Depending on the dictionary-encoders' needs, the above snippet can be slightly redone as follows:

<quote>assum <seg type="colloc" msd="gen,anim">alicuius</seg> rebus</quote>

<!-- UD-style -->
<quote>assum <seg type="colloc" msd="Case:Gen,Animacy:Anim">alicuius</seg> rebus</quote>

Note that there is nothing strange in adorning the segs a bit on their way from the (hypothetical) corpora: a single dictionary may use various corpora (or a single corpus at different stages), so a mapping would be a natural assumption. One little perk in a wider perspective could be that the mapping could be to a format agreed for by grammar that co-exists with the dictionary.
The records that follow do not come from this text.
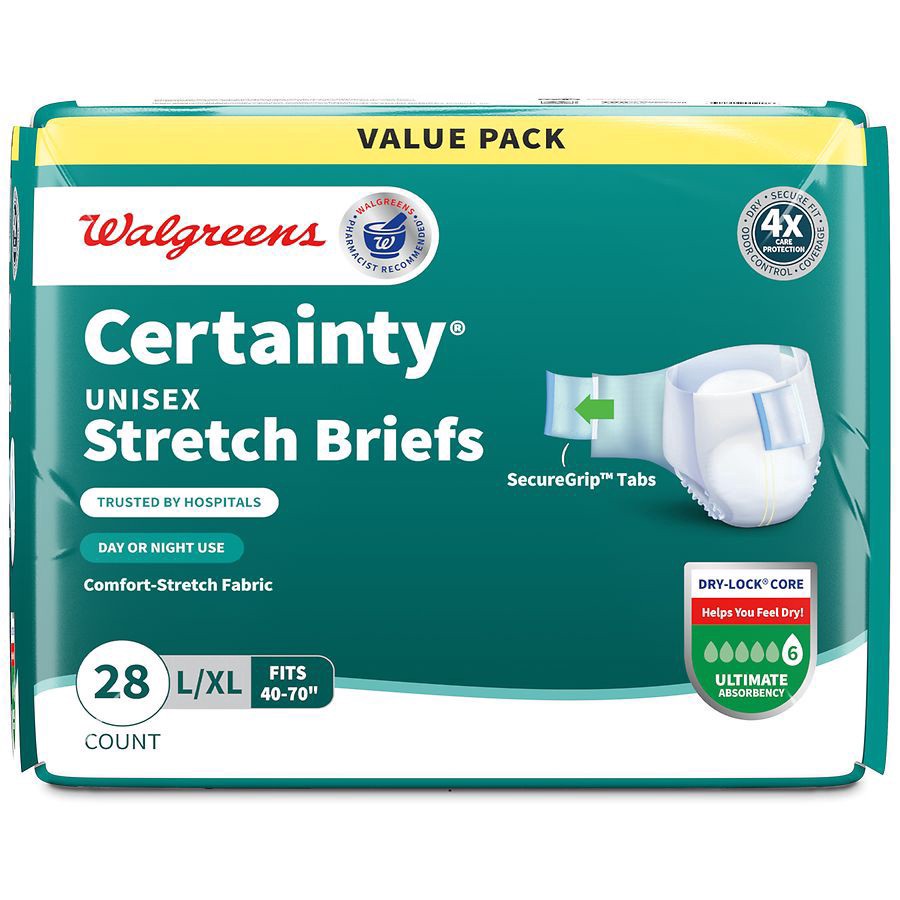 slide 5 of 5, Walgreens Certainty Unisex Adjustable Incontinence Stretch Briefs with Tabs L/XL, 28 ct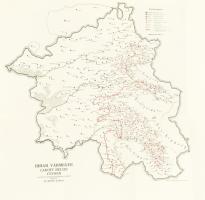 Bihar vármegye lakott helyei 1773-ban. A Lexicon Locorum Populosorum alapján tervezte: Dr. Mezősi Károly. M.kir. honvéd térképészeti intézet nyomása. Hajtva, 46x42 cm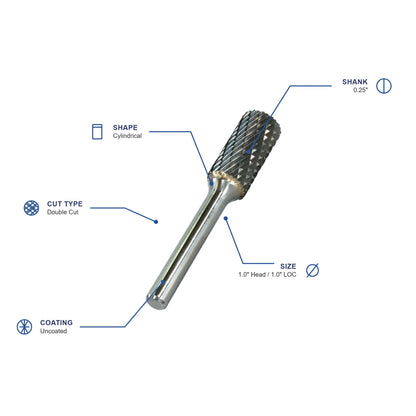 SA Double Cut Carbide Burr specifications diagram - 1 inch dia 1 inch LOC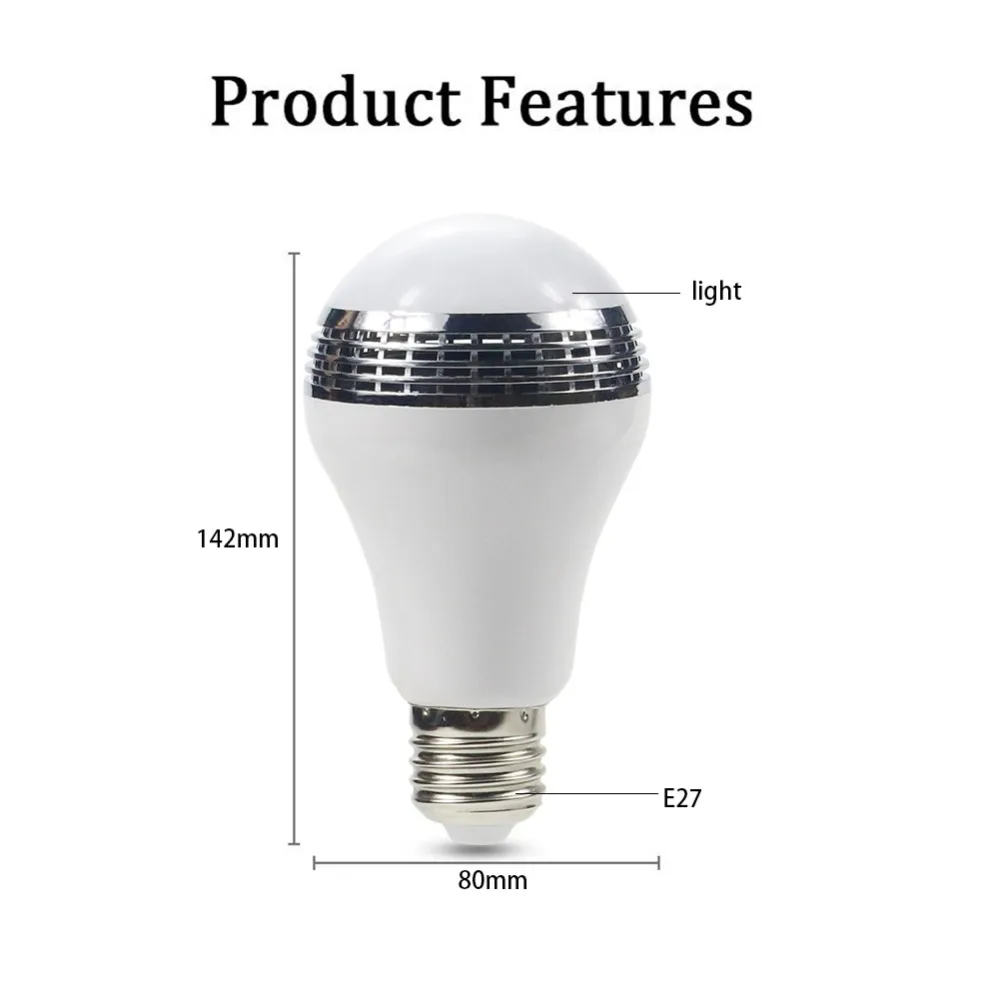 Dvolador умный телефон затемнения лампы 10 Вт Колонки музыка E27 LED RGB приложение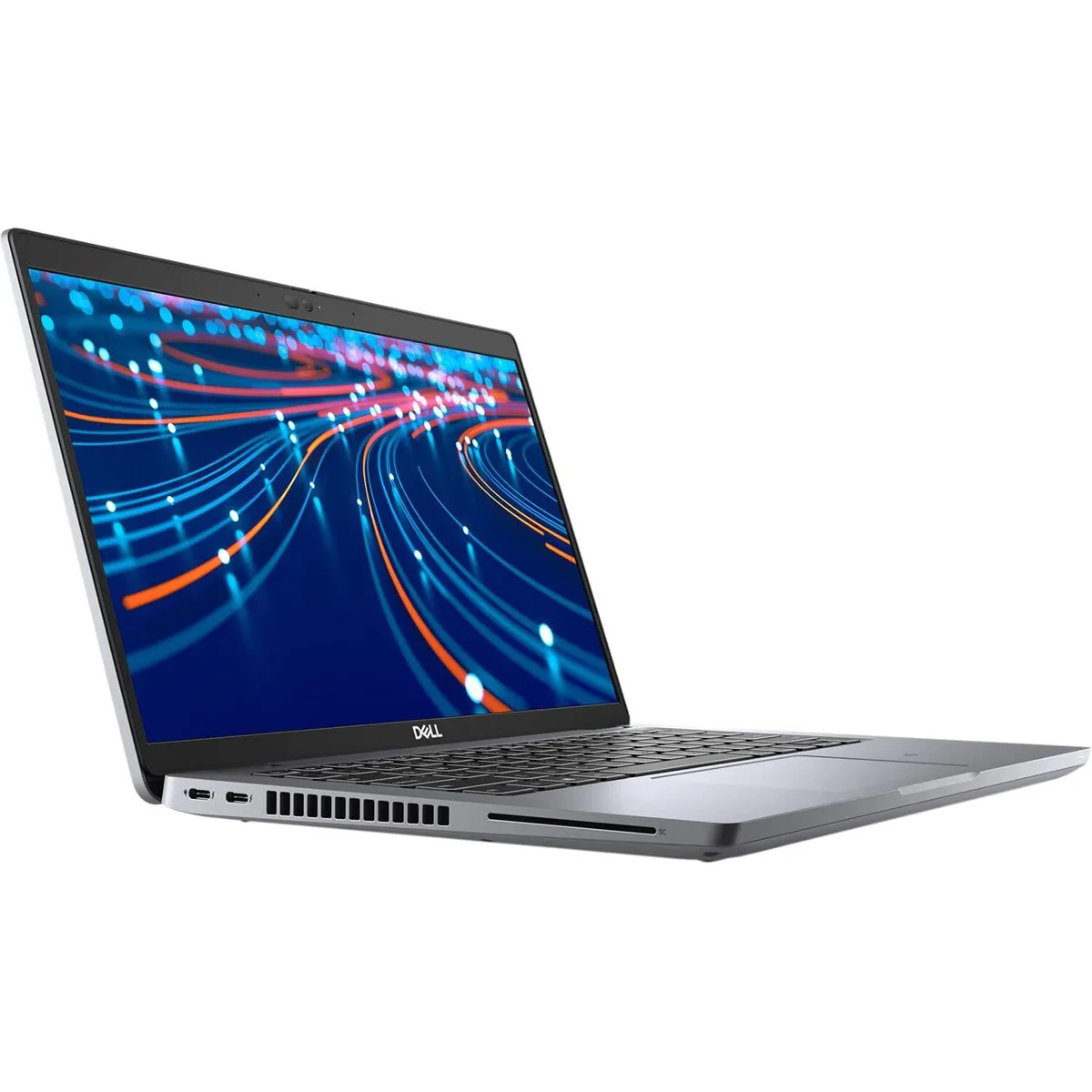 Silver Dell Latitude 5420 14 inch laptop closed on white background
daliboris commented 3 years ago

Hello Piotr,

I think that the benefit of using <gramGrp> and <gram> elements inside <quote> is the ability to use identical elements within query (XPath) when processing dictionary programmatically.

On the other hand, <gramGrp> is defined as [element groups] morpho-syntactic information about a lexical item, not about a token. Consistent usage of the @msd attribute for tokens within quotted text sounds good for me.

The queistion is if the quotted text from the Latin-Bulgarian dictionary comes from concrete witness or it's an abstraction of more quotes from different sources. In the second case I think using <gramGrp> element can be justified.

ttasovac commented 3 years ago

Guys — just a quick note, I have a deadline today that I need to meet, that's why I haven't been able to participate over the last few days. I'll get back to you as soon (or rather: if :) I survive this deadline... Many thanks.

daliboris commented 3 years ago

I have proposition number two: if we (or encoders) want to render as much as the original dictionary did, we can put <app><note> elements with the explication (genitive) at the right place, where the responsibility attribute will refer to the author of the note.

<entry>
  <cit type="example">
   <quote>assum <w xml:id="w.1">alicuius</w><app resp="#encoder" from="#w.1"><note>gen.</note></app> rebus</quote>
   <cit type="translation" xml:lang="bg">
    <quote>помагам някому с нещо</quote>
   </cit>
  </cit>
</entry>

<entry>
  <cit type="example">
   <quote>assum <w xml:id="w.1">alicuius</w> rebus</quote>
   <cit type="translation" xml:lang="bg">
    <quote>помагам някому с нещо</quote>
   </cit>
  </cit>
</entry>
...
<listApp>
  <app resp="#encoder" corresp="#w.1 #w.312"><note>gen.</note></app>
</listApp>

This approach is less strict then above ones with more specific elements and attributes. But maybe sometimes it will be helpful, for example when the information within the entry can't be 100% identified (ie. unknown acronyms).